The Truth about the Fainting Goat Breed
The Fainting Goats are a rare breed. They were discovered in Tennessee around 1880. These goats have been studied for medical purposes and it was discovered that they have congenital myotonia which is condition present at birth. This condition makes them appear to faint, however, they don’t really faint. The goats myotonia condition makes their muscles relax slower than normal thus giving them the appearance that they freeze in time and some times they even fall over appearing as if to faint. This is not a painful condition and the goats are fully aware of what’s going on during this time.
The breed is a small breed ranging from 17-25” in height and only weighing up to 170 pounds or less for a full grown buck. The breed is also considered a slow maturing breed. This is not a good trait for a true meat goat but the Fainting goats have been classified as a meat goat. Historical evidence doesn’t reveal what the goats were used for in the late 1800’s and early 1900’s. It is quite possible they were a multi- purpose goat.
The Fainting goat is a smaller goat that is historically correct. The Fainting goats have shorter ears with an ear set held horizontal and forward. The facial profile is most often straight to concave. They display buggy eyes. They have a stronger myotonia level when compared to the Myotonic breed.
The Myotonic goat is a bigger, meatier goat that unfortunately is no longer historically correct. The Myotonic goats have some totally different characteristics than the Fainting goats do. They are a bigger goat both in height and weight. Their facile profiles are also different. It is straight and sometimes has a hint of a convex nose or Roman nose. Their ears are somewhat longer and not held as forward.

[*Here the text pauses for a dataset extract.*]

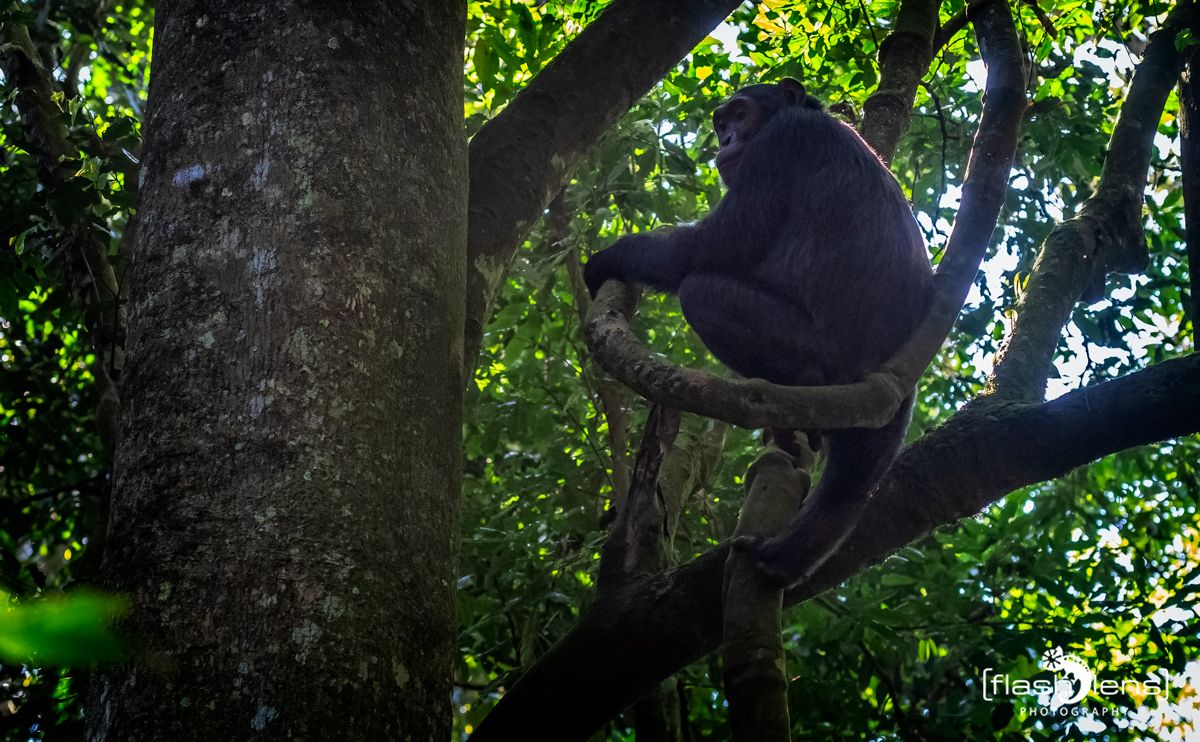 04 Kibale Forest 012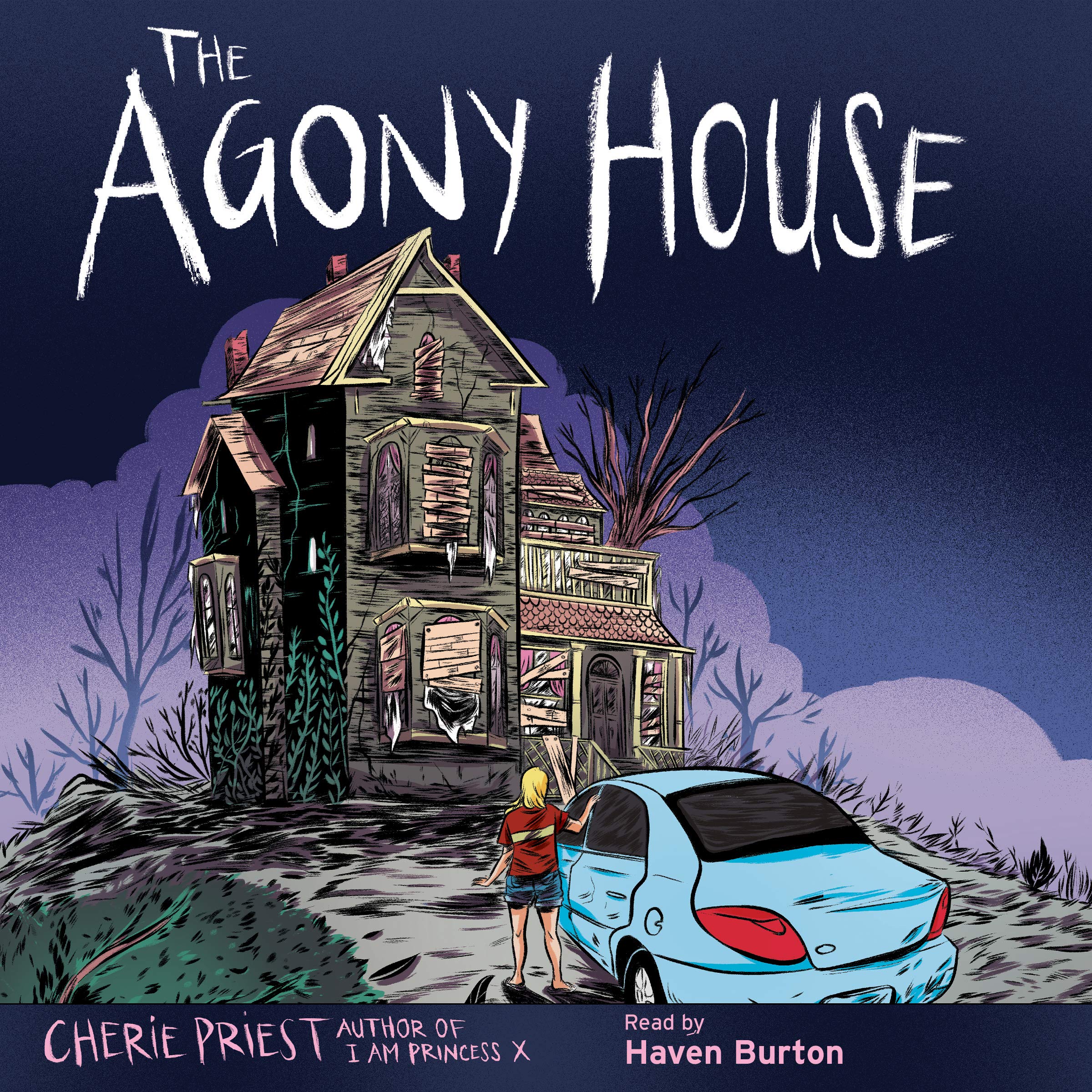 Cover art for The Agony House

The Myotonic goats also appear not to retain as much of a degree of myotonia as the Fainting goats do.
Both breeds are said to have originated from the same original goats. I believe that they did. Both breeds were once a landrace breed. There are some variances in both breeds however many of these variances are man-made. Both breeds had to survive extreme conditions and only the strongest and fittest goats survived. The exact point that they became two different breeds is hard to say.
You can look at the two different breeds today and see the very clear differences between them. The eyes, nose, facial profile, ears, degree of myotonia, and size are very different in the two breeds. These different traits are passed on to their offspring. This is what makes them two different breeds.
Again many breeders don’t like the idea of two different breeds. They do not wish to face these facts but to confirm the facts you can read the older articles written about the Fainting goat breed or you can view pictures of the older goats. There is also a book entitled Past, Prestent and Future of the Fainting Goat that has been written explaining the differences.